Absorption

Long queues! Long waiting times. Hundreds of people willing to stand in line and maybe even pay a premium for it.

Signs of good business, innovative product, excellent taste and quality that attracts the crowd to put them in line. One branch opened after another with the same phenomenon, long queues.

Every time I walk by, I really wanted to try it out but was deterred by the crazy queue.

Same as this other stall.

Extremely good business! Non-stop queue (or at least during peak hours). Complete different product offering, or “much tastier” offering than what was offered by the surrounding peers next door.

And after a year or so, this is what it looks like:

And, it had closed down recently.

So.. What happened?

Hype?

Hype is always an easy way to dump the blame on. Why not let us look at it from a bigger picture.

There is always a factor of Absorption and Consumer Switching Cost (Barrier of entry, whatever you want to call it).

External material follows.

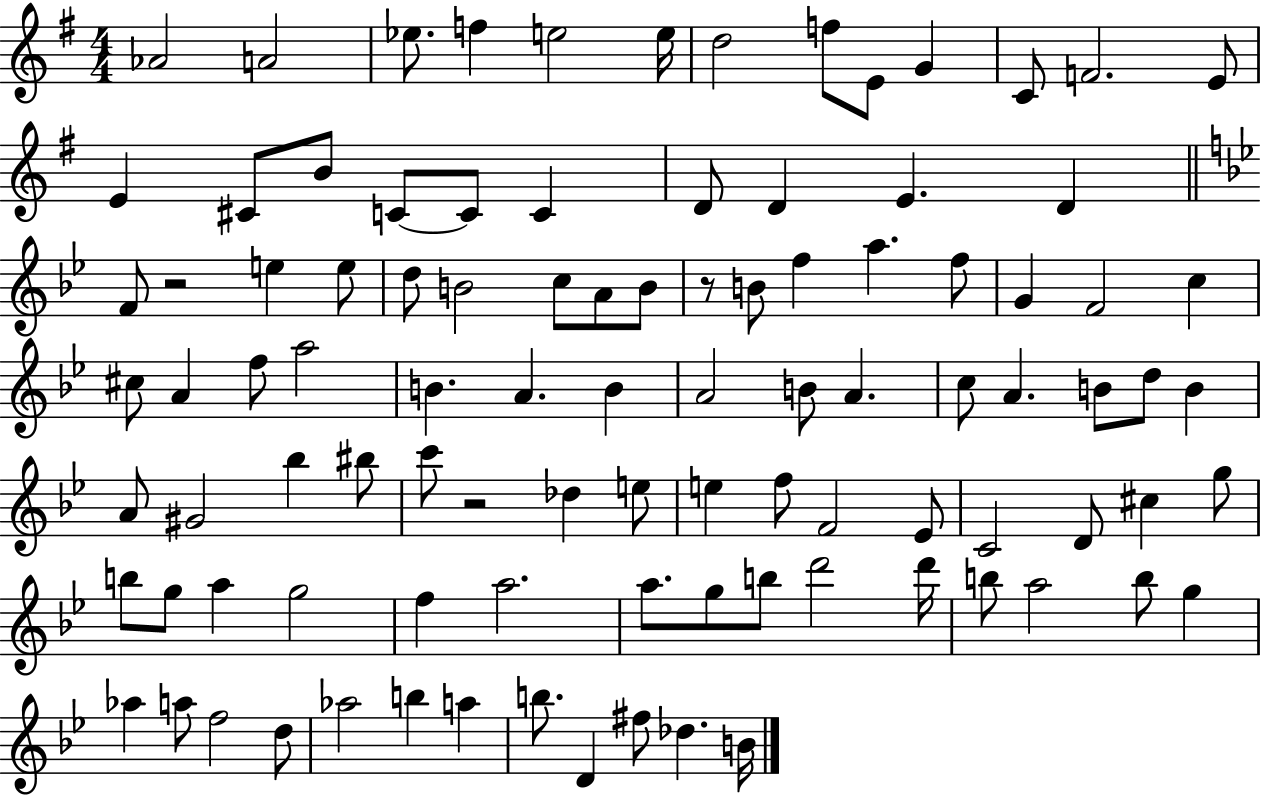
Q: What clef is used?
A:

Attracting consumers to the stall does not equate to a strong business.

Sometimes, it is just about market Absorption. When there is just too much supply (crowd) you probably will get a queue, especially if you offered a different product. And so, it is relatively simple to keep opening new stalls, just open them in areas where there is a lot of “Excess” traffic. Which is also the reason why rental fees in hot areas are so high.

However, if a business could only depend on “market absorption” to sustain its business, then there will be a problem. As market absorption is sometimes out of your control, a new mall may open beside, new shop spaces carved out as the mall expands.

Competitor will come in when they see your queue! (oh! there is huge market demand that I can come and soak up some too!) Adam Smith anyone?

Coupled with the low switching cost of the consumer, it is extremely easy for them to just jump to the next stall to avoid your queue.

Conversely, when we look at current businesses being “disrupted” as some consumers are being drawn to the new offerings, do the consumers come back after a while? What draws the consumer back? Why do they not stay with the new offering?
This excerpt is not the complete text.